Маникюр и педикюр в государственных парикмахерских не делали. Только в частных кабинетах. Там же клиенткам делали лицевые маски и иные косметические процедуры. Это считалось нормой и никого не удивляло.
Многие портные и сапожники «работали от себя», так это тогда называлось. К ним примыкали чистильщики сапог, будочки которых торчали повсюду в людных местах и стали частью привычного городского пейзажа. Они торговали шнурками, стельками, самодельным гуталином и прочим мелким товаром. Этот промысел целиком монополизировала община ассирийцев. Чистка обуви и мелочная торговля являлись для них не более чем прикрытием – через будки чистильщиков реализовывалась масса всякого разного, такого, чего в советских магазинах днем с огнем было не сыскать. Даже в коммерческих и комиссионках[262].
261
Зубопротезирование было практически только частным.

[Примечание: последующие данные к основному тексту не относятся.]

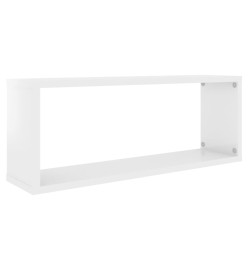 Étagères cube murales 4 pcs Blanc brillant 60x15x23cm Aggloméré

Те, кто этим занимался, считались богачами. От них связи вели к коммерческому подполью, где они добывали золотишко для мостов и коронок. Торговля золотом являлась государственной монополией, но «фиксы» стояли у большинства взрослых людей, и у тех, кто мог себе позволить, они были именно золотыми.
262
По воспоминаниям современников, именно у ассирийцев модницы приобретали первые капроновые чулки, потом первые колготки и прочее «дамское».